- Work order: Among the records below, the line containing "Detail of 0.35" marks the start. Output it and all lines after it exactly.

____

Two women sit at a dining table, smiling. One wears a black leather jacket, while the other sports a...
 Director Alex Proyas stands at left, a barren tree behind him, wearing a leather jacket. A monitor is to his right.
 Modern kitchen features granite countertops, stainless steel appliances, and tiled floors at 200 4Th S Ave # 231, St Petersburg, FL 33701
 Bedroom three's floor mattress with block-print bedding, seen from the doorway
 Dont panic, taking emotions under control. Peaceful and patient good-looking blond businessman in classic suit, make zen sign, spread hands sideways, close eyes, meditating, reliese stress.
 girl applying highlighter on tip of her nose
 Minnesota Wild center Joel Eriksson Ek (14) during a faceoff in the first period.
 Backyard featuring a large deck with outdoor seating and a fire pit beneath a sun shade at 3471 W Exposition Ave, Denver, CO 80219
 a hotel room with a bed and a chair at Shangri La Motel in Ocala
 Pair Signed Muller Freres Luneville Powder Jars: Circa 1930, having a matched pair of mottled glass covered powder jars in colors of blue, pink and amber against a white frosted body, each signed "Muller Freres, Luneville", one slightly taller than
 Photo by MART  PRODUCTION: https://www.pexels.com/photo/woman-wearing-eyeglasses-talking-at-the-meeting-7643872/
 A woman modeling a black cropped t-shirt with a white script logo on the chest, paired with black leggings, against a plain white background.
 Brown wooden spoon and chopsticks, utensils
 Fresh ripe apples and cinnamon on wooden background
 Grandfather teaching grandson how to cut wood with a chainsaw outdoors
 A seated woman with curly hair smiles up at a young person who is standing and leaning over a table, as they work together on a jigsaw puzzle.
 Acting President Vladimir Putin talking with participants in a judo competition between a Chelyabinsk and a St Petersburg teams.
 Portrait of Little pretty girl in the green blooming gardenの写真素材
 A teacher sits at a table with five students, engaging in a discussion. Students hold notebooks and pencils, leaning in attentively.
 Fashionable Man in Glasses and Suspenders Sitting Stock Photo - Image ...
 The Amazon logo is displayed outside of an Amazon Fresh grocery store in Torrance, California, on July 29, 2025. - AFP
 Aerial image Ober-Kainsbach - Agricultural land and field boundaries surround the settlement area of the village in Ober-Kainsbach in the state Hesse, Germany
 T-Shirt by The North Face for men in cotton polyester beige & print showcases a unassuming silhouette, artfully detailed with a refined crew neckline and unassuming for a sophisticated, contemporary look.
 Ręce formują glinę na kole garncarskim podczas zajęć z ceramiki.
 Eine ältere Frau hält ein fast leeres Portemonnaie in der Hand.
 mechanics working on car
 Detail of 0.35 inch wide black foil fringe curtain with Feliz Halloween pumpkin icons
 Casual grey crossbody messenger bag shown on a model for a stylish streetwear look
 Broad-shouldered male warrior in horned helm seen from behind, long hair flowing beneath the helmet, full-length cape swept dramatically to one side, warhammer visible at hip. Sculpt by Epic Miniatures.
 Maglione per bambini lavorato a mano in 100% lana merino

____

- Task response:
 Detail of 0.35 inch wide black foil fringe curtain with Feliz Halloween pumpkin icons
 Casual grey crossbody messenger bag shown on a model for a stylish streetwear look
 Broad-shouldered male warrior in horned helm seen from behind, long hair flowing beneath the helmet, full-length cape swept dramatically to one side, warhammer visible at hip. Sculpt by Epic Miniatures.
 Maglione per bambini lavorato a mano in 100% lana merino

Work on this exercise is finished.